Еще скосил глаза Степа - гимнастерка на спинке стула висит. Его гимнастерка, милицейская - синяя, шерстяная, с кантами красными, с петлицами бирюзовыми. В каждой петлице - по шпале эмали ультрамариновой. На груди справа - орден Красной Звезды, знак парашютный, прыжковый, да значок комсомольский. Только еще знак прибавился новенький. "Заслуженный работник НКВД". Щит и меч серебряные, лента эмалево-пурпурная, серп и молот золота червоного.
Увидал взгляд его Иван Иваныч и кивнул одобрительно:
- Да-да! Просто знак думаешь? Значок? Нет, не просто значок. В органах наших славных знак-значок тот больше любого ордена ценится. Ого-го! Не хухры-мухры! У меня, например, такого нет. Не дают. А хочу сильно!
- И за что же мне-то его навесили? Что я совершил такого?
Засмеялся Иван Иваныч весело.
- Навесили! Советская власть ничего просто так никому не вешает! Заслужил-заработал. За образцовое выполнение заданий командования. Уж извини - в Кремль или наркомат тебя не потащили для вручения, пожалели. Но помни - этот знак почетный не только тебе. Награда коллективная. Значит, и мне немножко. Это первое. И не только за прошлое награда та - но и за будущее. Это второе.
- Так за что же?
- Если хочешь, за выстрел тот. Который ты выдержал.
Подтянулся Степа чуть на руках. Спросил не по уставу голосом слабым:
- А меня что, разве не расстреляли?
Захохотал громко Иван Иваныч, руками по спинке кровати хлопнув:
- Нет, Степа, не расстреляли. Ну, сам посуди - разве ты мертв? Пощупай себя, коли хочешь.

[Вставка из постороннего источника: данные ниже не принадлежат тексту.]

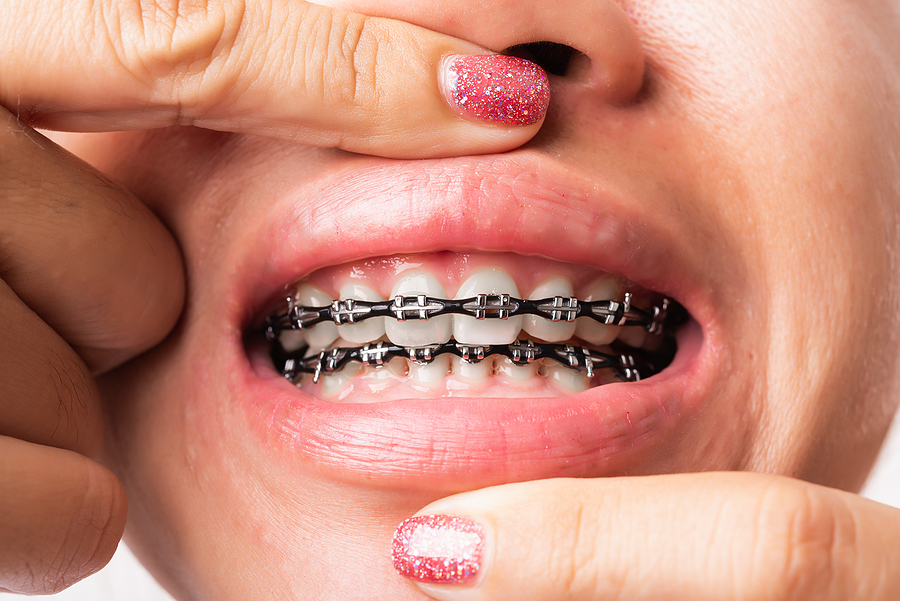 Lingual Braces Might be a Better Fit for Your Active Lifestyle
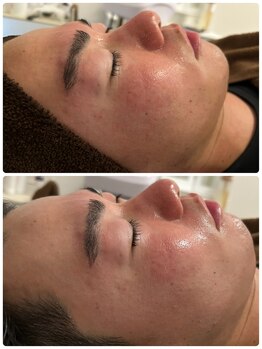 サロン ド グランツィア(salon de Granzia)/20代男性☆毛穴・赤ら顔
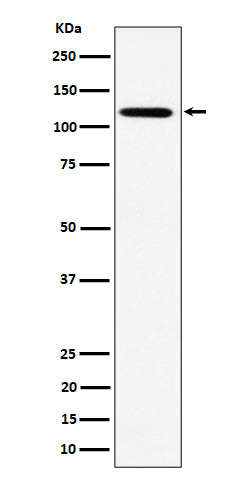 Anti-KIF5B Rabbit Monoclonal Antibody Boster Bio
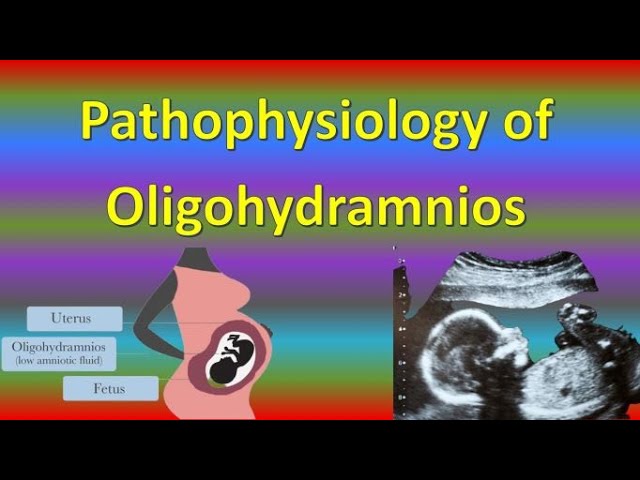 oligohydramnios case study scribd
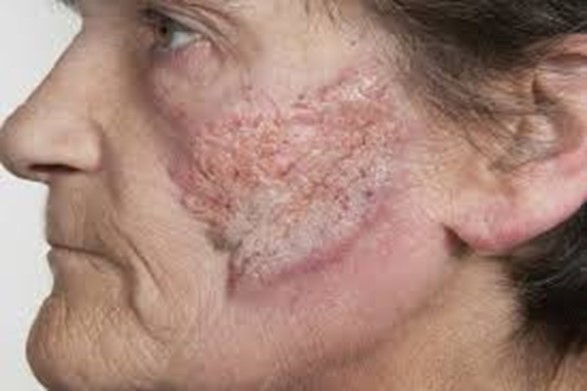 Những người có hệ miễn dịch yếu là nhóm có rủi ro mắc bệnh viêm da mủ dạng sùi cao nhất (Nguồn: Casereports.bmj)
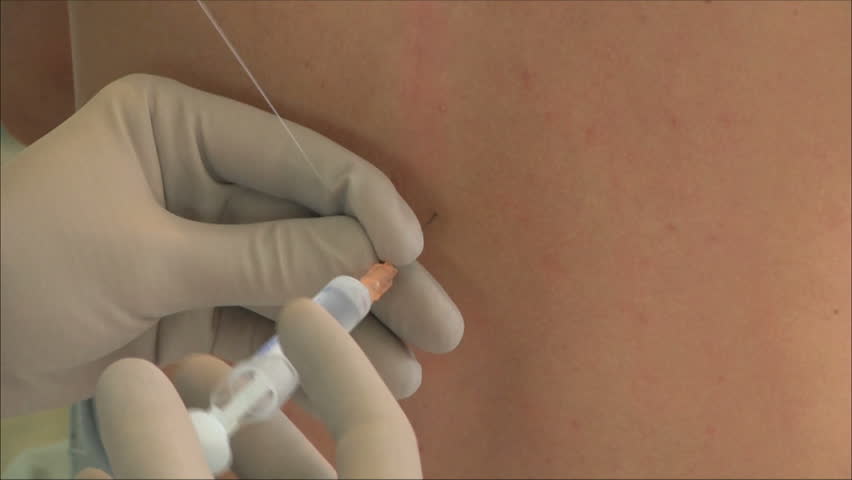 injection in the back with a closeup
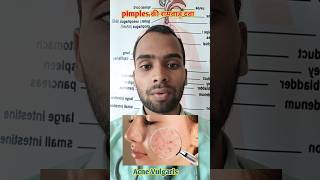 Pimples  Acne Vulgaris Homoeopathic Treatment [upl. by Yecnuahc535]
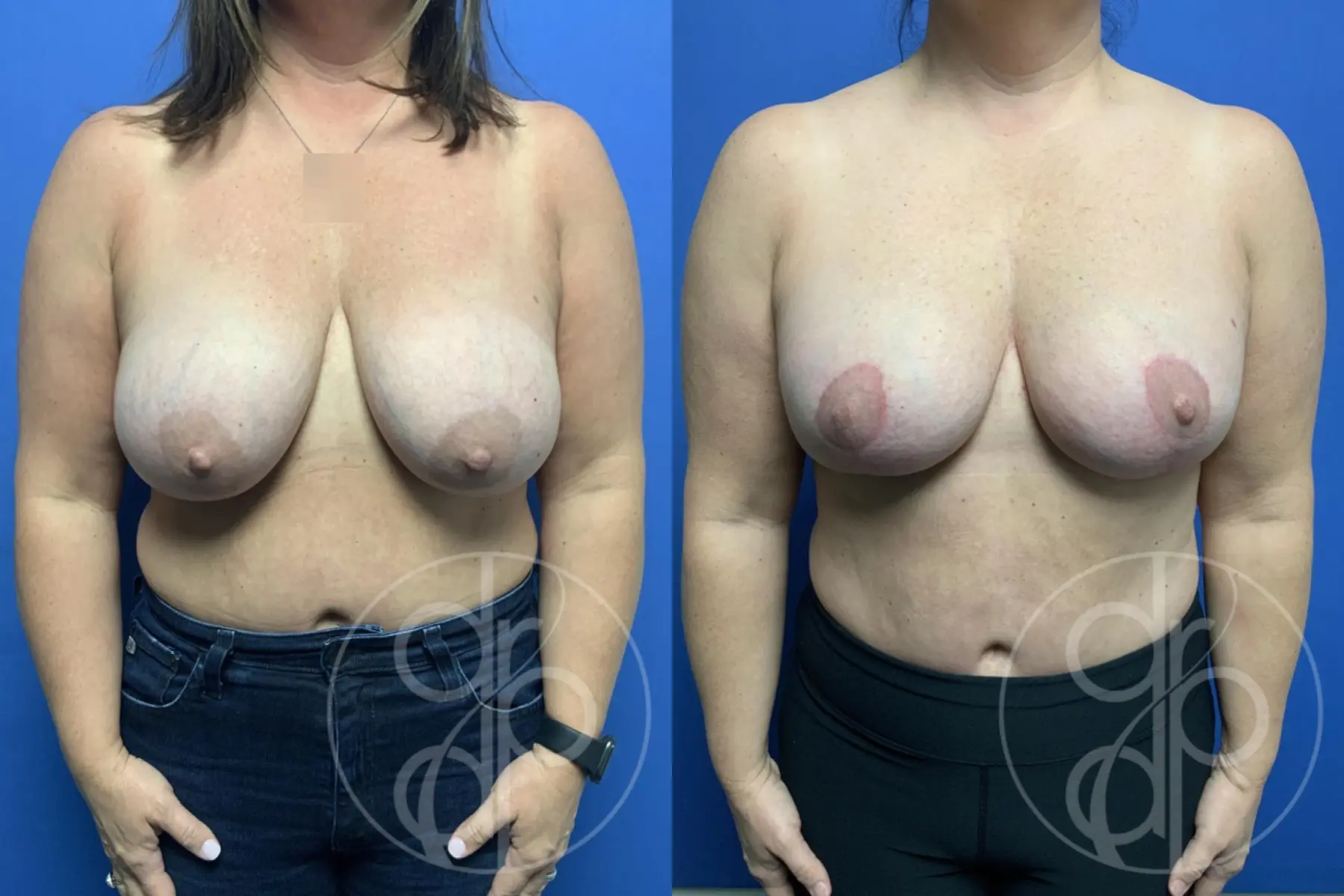 patient 13866 breast reduction before and after result - Before and After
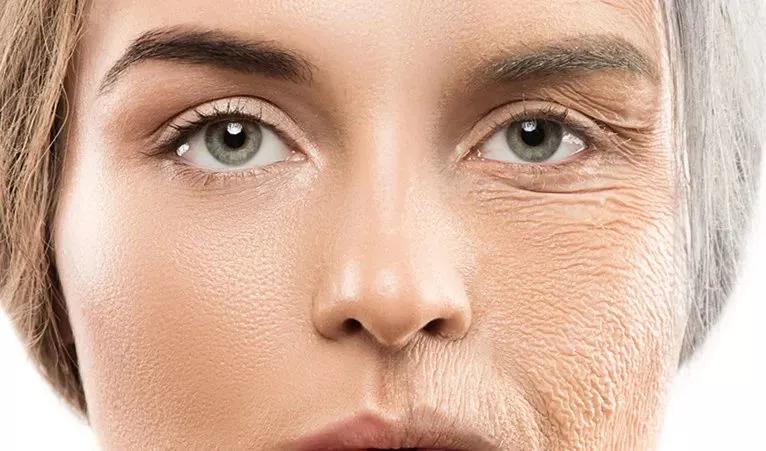 动态纹会变成静态纹,静态纹和动态纹哪个容易去掉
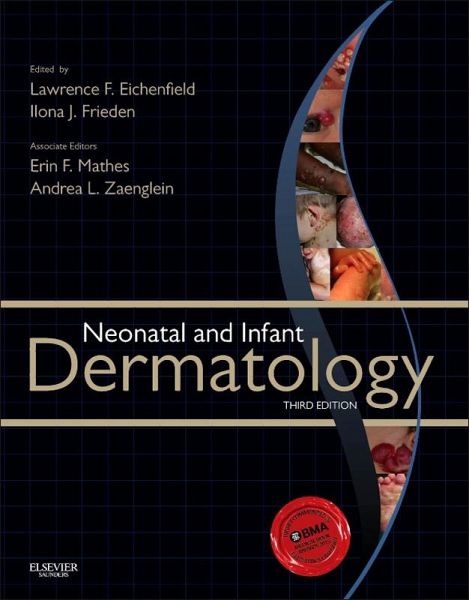 Neonatal and Infant Dermatology E-Book (eBook, ePUB) Neonatal and Infant Dermatology E-Book (eBook, ePUB)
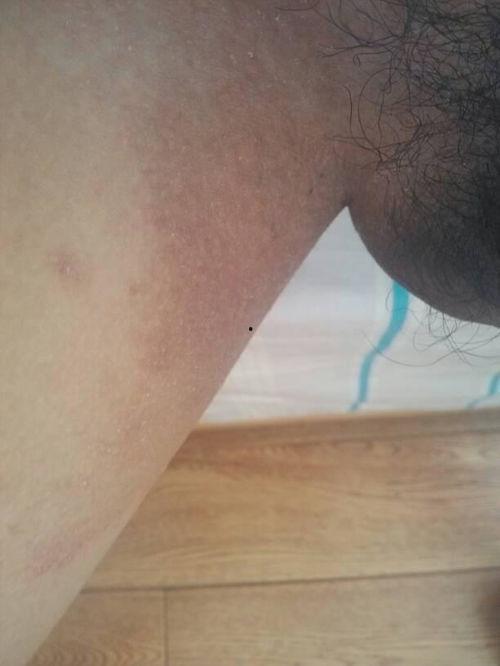 大腿内侧淤青图片,揭秘大腿内侧淤青成因与护理攻略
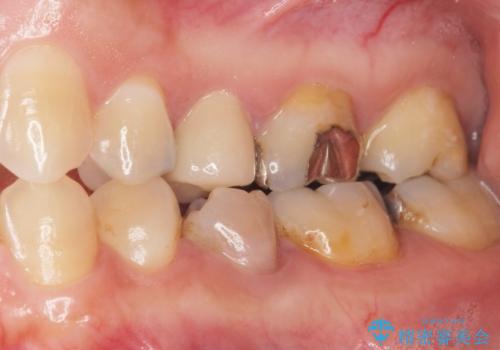 歯ぐきを押すと痛い 神経が死んでいる歯の治療 40代女性の症例 治療後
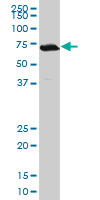 TGIF2 monoclonal antibody (M20), clone 2F5. Western blot of TGIF2 expression in Jurkat.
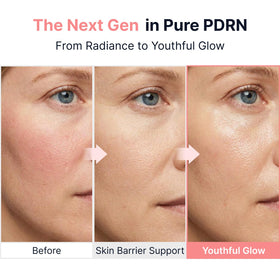 SUNGBOON EDITOR Glow Intensive PDRN Ampoule with dosage applicator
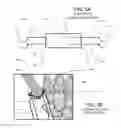 Fig. 06 - Surgical implantable stabilizer sling for basal joint arthroplasty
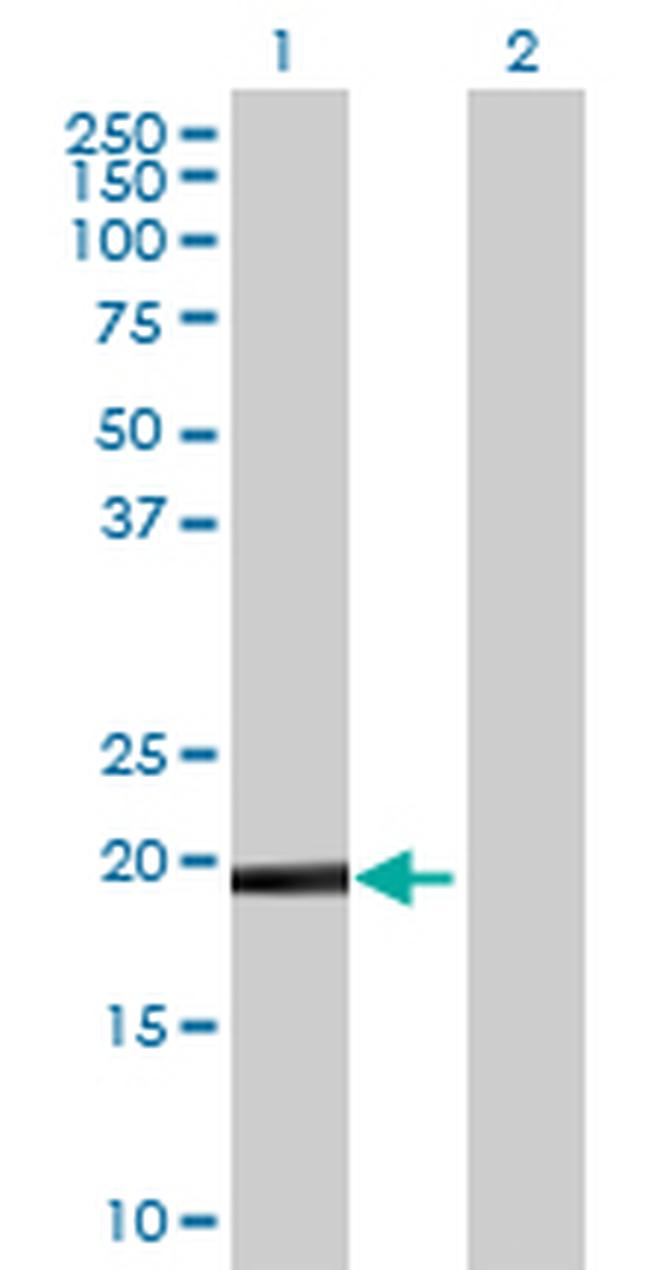 DUSP26 Antibody in Western Blot (WB)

Сглотнул Степа. Пощупал. Облачен Степа в пижамку госпитальную, сине-фланелевую. Одеялом укрыт по грудь. И вернул ему тут же мозг все воспоминания его. И те самые воспоминания, последние, расстрельные - тоже. Вспыхнула память образами ясными-яркими, будто вчера это было.
- Зачем же тогда расстрел этот был нужен?
- Нужен, нужен! Без него - никак. Ты же весь в себя ушел. В ступор. А в медицине есть принцип старинный - клин клином вышибают. Так говорили профессор Сербский, профессор Бехтерев и доктор Юнг. Прости меня, Степа, - но тебя из этого ступора твоего только так вернуть и можно было. Иначе бы ты никак не проснулся.
- А тех, двоих, что со мной тогда? Ну, когда расстреливали?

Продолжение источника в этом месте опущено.